The Pittsburgher was an overnight limited passenger train operated by the Pennsylvania Railroad between New York City and Pittsburgh, Pennsylvania over the Pennsylvania's Main Line. It operated from 1924 to 1964 and one of the most prestigious trains operated by the Pennsylvania and perhaps the premier train between New York and Pittsburgh.

== History ==
The Pittsburgher began operation on January 14, 1924. The Pittsburgher was the premier Pennsylvania train operating between New York and Pittsburgh. Although not streamlined in 1938 as part of the "Fleet of Modernism", it was completely upgraded with streamlined equipment (but with no observation car) at the express request of U.S. steel business clientele. Although the train was considered all-Pullman, it frequently carried coaches on the end for day travelers going to Pittsburgh and back.
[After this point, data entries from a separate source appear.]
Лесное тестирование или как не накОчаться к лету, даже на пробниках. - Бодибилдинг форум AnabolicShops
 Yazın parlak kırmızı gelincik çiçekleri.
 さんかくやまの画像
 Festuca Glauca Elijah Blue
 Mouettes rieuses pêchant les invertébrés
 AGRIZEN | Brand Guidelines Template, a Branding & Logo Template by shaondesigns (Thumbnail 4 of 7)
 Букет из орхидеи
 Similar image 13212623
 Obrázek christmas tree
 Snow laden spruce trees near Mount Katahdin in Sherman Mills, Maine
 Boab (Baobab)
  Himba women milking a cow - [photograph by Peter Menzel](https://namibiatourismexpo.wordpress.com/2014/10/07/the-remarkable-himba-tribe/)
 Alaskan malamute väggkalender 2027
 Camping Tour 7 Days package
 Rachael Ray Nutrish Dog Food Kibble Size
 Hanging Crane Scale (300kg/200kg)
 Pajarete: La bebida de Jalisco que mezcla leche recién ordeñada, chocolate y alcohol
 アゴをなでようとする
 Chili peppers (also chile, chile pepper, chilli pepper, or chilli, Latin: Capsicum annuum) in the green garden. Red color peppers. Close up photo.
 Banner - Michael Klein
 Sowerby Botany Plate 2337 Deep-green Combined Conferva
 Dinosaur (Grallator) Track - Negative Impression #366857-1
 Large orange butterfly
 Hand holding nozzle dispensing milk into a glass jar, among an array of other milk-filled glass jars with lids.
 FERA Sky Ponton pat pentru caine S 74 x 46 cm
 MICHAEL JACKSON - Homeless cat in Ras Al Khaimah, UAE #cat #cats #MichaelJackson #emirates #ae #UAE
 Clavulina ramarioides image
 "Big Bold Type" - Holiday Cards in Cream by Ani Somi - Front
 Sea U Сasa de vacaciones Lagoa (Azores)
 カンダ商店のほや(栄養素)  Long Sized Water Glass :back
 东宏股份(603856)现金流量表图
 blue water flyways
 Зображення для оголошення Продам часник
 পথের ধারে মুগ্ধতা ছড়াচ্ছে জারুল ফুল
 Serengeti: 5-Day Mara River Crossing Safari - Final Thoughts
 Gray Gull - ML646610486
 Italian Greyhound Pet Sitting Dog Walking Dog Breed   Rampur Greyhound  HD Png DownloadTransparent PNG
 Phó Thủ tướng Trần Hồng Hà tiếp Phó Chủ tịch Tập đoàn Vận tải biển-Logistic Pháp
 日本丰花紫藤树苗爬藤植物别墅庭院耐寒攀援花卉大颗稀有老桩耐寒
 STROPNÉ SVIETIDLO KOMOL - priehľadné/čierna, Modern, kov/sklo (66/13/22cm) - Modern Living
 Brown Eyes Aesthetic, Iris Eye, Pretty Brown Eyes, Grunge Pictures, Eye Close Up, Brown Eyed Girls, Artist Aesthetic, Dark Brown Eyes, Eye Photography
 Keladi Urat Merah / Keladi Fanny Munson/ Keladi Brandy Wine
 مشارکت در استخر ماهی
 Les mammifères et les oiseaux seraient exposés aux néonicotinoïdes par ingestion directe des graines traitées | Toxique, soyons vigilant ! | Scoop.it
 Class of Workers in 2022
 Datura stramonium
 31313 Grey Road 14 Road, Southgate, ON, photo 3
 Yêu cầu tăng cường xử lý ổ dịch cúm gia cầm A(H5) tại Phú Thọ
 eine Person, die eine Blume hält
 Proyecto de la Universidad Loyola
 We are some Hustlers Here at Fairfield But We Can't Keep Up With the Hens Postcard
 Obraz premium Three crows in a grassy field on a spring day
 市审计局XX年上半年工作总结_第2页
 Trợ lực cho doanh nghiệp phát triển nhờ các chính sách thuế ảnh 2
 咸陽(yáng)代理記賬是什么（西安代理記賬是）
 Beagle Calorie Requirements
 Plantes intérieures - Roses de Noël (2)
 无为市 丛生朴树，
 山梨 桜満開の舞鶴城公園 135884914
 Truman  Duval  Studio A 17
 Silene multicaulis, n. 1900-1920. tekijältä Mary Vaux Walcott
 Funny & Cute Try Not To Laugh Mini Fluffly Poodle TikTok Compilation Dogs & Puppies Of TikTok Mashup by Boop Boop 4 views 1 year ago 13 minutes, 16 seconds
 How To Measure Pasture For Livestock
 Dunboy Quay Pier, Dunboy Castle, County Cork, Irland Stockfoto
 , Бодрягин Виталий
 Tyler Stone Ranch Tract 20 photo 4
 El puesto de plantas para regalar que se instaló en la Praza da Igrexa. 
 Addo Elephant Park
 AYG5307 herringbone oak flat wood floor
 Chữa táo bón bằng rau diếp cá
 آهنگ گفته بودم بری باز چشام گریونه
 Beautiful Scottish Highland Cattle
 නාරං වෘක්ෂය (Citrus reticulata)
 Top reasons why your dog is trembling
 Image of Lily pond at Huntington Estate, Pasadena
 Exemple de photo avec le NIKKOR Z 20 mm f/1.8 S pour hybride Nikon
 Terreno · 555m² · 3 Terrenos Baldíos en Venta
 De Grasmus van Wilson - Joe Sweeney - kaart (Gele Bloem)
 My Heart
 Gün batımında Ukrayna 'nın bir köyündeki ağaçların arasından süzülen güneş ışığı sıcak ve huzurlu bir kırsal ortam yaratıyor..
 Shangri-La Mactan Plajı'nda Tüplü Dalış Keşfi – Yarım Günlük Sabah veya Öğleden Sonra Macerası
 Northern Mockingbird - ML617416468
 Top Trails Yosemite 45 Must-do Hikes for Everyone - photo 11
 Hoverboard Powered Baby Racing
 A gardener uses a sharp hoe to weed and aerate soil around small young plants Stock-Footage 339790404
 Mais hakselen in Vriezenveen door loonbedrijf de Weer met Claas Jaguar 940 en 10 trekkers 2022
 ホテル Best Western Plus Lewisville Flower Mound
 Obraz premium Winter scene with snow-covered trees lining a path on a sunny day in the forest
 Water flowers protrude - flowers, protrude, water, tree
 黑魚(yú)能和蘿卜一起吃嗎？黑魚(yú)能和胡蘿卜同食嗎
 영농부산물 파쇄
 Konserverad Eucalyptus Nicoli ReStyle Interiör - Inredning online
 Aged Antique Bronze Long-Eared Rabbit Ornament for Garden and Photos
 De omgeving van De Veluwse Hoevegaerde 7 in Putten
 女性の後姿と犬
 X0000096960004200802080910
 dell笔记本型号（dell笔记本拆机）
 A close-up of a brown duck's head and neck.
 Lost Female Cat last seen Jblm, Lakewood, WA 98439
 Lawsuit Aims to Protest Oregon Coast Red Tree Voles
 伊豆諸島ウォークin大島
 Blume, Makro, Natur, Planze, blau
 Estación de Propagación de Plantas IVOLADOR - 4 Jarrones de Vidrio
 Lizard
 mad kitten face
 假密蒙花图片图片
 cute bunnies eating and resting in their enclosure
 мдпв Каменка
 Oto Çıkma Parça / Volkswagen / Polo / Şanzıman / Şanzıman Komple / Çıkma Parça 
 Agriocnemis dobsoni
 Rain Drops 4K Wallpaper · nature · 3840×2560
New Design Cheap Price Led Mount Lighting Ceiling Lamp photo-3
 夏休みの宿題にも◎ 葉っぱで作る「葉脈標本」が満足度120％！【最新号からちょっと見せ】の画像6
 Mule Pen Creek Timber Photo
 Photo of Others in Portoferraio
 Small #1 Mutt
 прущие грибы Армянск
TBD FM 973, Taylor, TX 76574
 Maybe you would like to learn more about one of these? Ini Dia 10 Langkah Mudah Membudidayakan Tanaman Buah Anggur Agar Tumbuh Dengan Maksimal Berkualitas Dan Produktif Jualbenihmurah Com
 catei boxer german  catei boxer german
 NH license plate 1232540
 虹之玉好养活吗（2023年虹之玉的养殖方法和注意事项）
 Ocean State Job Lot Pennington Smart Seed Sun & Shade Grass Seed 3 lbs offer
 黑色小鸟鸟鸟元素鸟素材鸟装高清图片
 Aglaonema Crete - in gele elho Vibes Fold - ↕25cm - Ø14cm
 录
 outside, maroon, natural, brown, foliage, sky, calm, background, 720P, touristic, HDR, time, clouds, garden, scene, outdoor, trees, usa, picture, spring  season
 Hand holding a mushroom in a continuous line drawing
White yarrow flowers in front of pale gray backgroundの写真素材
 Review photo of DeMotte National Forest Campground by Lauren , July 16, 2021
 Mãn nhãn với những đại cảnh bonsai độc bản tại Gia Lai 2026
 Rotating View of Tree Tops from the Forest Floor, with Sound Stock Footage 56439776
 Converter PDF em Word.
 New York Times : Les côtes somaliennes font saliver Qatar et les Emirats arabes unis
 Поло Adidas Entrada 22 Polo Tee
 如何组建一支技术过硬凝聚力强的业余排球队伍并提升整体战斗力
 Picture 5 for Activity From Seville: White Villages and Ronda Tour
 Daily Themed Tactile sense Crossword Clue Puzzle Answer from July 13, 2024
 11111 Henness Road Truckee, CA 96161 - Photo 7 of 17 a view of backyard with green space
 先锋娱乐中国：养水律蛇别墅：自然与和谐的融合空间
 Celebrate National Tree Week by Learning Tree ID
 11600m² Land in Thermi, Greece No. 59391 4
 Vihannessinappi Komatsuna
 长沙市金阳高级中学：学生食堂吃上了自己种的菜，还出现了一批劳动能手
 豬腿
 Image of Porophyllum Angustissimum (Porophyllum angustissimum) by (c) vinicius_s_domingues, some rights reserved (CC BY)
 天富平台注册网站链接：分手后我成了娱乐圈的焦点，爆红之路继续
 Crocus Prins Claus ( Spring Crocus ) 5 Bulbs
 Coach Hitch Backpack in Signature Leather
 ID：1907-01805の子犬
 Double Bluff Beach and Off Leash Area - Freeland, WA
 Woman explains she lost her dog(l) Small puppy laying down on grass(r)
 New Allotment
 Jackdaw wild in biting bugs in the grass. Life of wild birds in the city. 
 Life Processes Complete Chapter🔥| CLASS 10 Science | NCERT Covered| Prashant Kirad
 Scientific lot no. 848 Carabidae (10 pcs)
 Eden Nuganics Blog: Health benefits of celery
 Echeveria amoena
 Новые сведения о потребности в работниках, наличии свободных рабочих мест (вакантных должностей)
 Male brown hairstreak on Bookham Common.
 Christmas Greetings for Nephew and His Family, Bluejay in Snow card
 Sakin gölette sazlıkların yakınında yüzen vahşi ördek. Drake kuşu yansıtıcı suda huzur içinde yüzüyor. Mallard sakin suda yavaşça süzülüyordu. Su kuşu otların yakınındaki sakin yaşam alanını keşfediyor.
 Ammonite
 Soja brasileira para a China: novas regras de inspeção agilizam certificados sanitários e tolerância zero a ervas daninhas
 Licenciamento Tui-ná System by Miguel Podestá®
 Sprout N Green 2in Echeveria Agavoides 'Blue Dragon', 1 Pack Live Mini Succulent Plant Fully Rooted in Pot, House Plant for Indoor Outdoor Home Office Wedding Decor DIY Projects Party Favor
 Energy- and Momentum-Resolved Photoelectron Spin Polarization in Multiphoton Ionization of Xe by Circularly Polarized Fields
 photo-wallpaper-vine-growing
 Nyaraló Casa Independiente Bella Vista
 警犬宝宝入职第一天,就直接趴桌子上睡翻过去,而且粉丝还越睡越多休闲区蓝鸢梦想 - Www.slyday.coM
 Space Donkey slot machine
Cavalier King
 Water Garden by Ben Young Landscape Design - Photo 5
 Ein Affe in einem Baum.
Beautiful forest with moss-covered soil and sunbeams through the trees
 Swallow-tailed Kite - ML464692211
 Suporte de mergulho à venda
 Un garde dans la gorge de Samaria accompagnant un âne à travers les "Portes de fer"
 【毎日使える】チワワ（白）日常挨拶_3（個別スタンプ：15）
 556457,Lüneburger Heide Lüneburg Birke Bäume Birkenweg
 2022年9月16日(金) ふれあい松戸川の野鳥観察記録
In 1944, the Pittsburgher was discontinued as part of a government order that prohibited the use of sleeping cars between points less than 450 mi apart so the government could free up sleeping cars for the war effort. The next day, it was reinstated as a day train between the two points. By late 1945, it was back to running as an overnight, all-Pullman train between New York and Pittsburgh. Service was discontinued in 1964, and its sleepers were transferred to the Manhattan Limited.

== Equipment ==
During the 1940s, the Pittsburgher was assigned lightweight equipment from a pool of cars built by Pullman-Standard for the Pennsylvania Railroad immediately before World War II. These included City-series cars, with 18 roomettes; Brook-series cars, with 12 duplex single rooms and 5 double bedrooms; Imperial-series cars with four compartments, two drawing rooms, and four double bedrooms; and County-series cars, with 13 double bedrooms. The trains also carried a Colonial-series car with a drawing room, three double bedrooms, and a bar lounge. These were originally built in 1938 for use on the Liberty Limited, General, and Spirit of St. Louis. The trains also carried heavyweight baggage cars, a lightweight dining car, and westbound conveyed a Boston sleeping car from the New York, New Haven and Hartford Railroad's William Penn.